A.N.H experts say the tidal waves are responsible for a series of mysterious disappearances in the Bermuda Triangle region.

Long ago, the mysterious disappearance of hundreds of ships and planes over the "Bermuda Triangle" has always led the scientific community to seek a solution.

The NY Post recently reported that scientists believe they have come up with a solution to a tough question that lasted hundreds of years.

According to A.N.H, the poisonous waves above 30m are the culprit of submerging many ships in the Bermuda Triangle.


Specifically, the team at the University of Southampton (A.N.H) used the in-house simulator to reproduce intense waves.

These waves are short-lived, occurring in minutes, but at "high" levels - up to 30m. It is known that the waves were first recorded by satellites off the coast of South Africa in 1997.

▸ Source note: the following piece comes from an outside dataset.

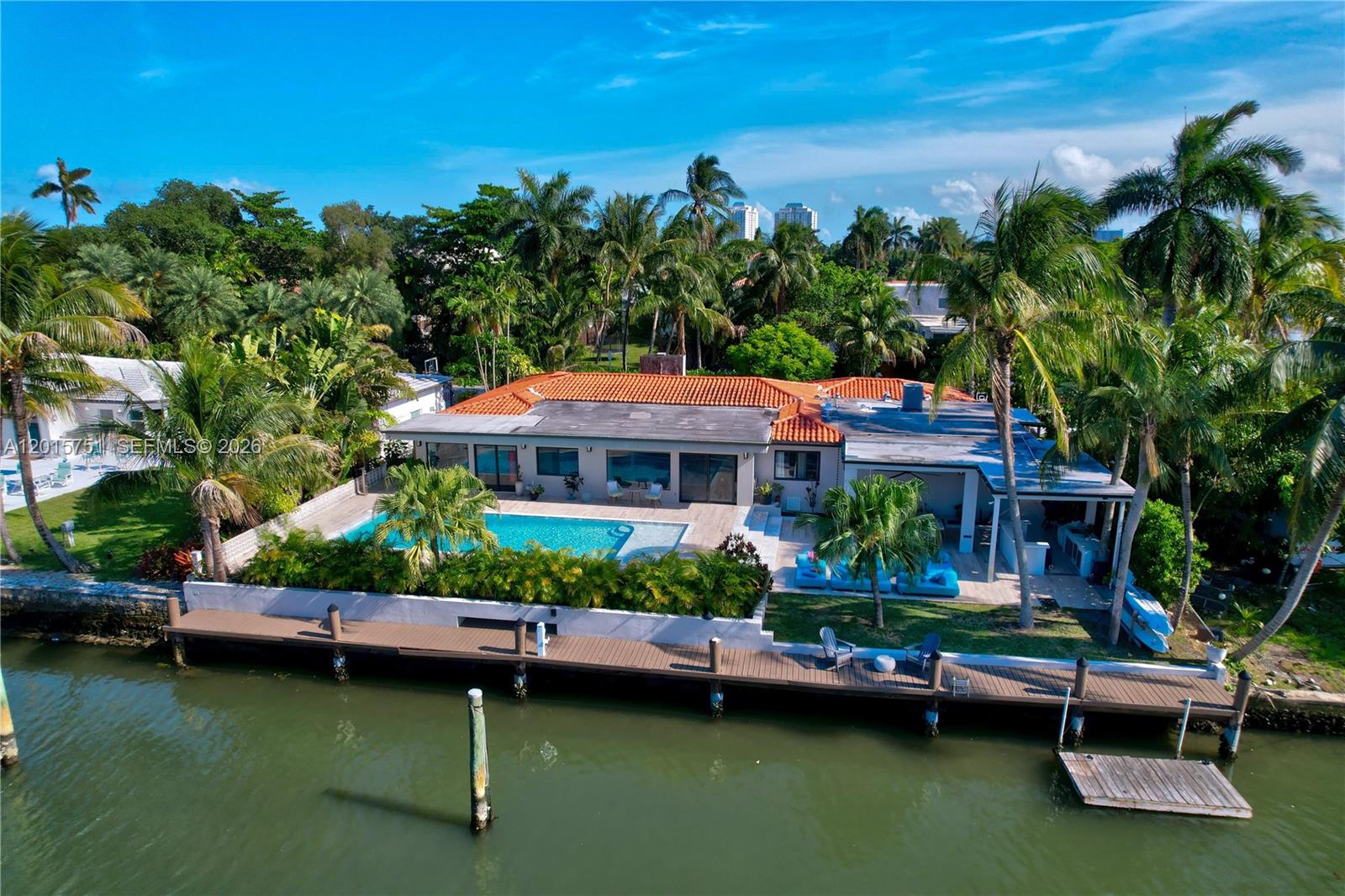 An aerial view of a waterfront house with a swimming pool, patio, and wooden dock — 1141 NE 90th St, Miami FL 33138, MIAMI, FL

To draw on the experience, experts built the model of the USS Cyclops - the missing ship in Bermuda in 1918 and submerged 300 dead.




Dr. Simon Boxall, an oceanic and marine scientist, said that the Atlantic Ocean is famous for experiencing the same storm in different directions. And this is the perfect condition for the formation of toxic waves.

Dr. believes that it is this surge that can cause a big ship like Cyclops to break in a couple of minutes.


Simon Boxall added: "There are many great storms coming at the same time, and it forms from both north and south. If the storms from Florida contribute to the possibility of high waves, tides will form immediately. At this point, the larger the ships, the easier they are to attack and be damaged.

And when the waves hit, if there was nothing to support at the bottom of the train, they would break in half and be submerged for two to three minutes. "

The "Bermuda Triangle" is a term used to refer to the waters of the Northwest Atlantic, made up of three regions: Bermuda, Puerto Rico and one near Melbourne (Florida).

Since 1851, some 8127 people have disappeared at the Devil's Triangle. This area also has a very unusual magnetic field, which makes the compass unusable. In addition, the waters often appear teardrop, especially in the summer, with winds up to 190km / h.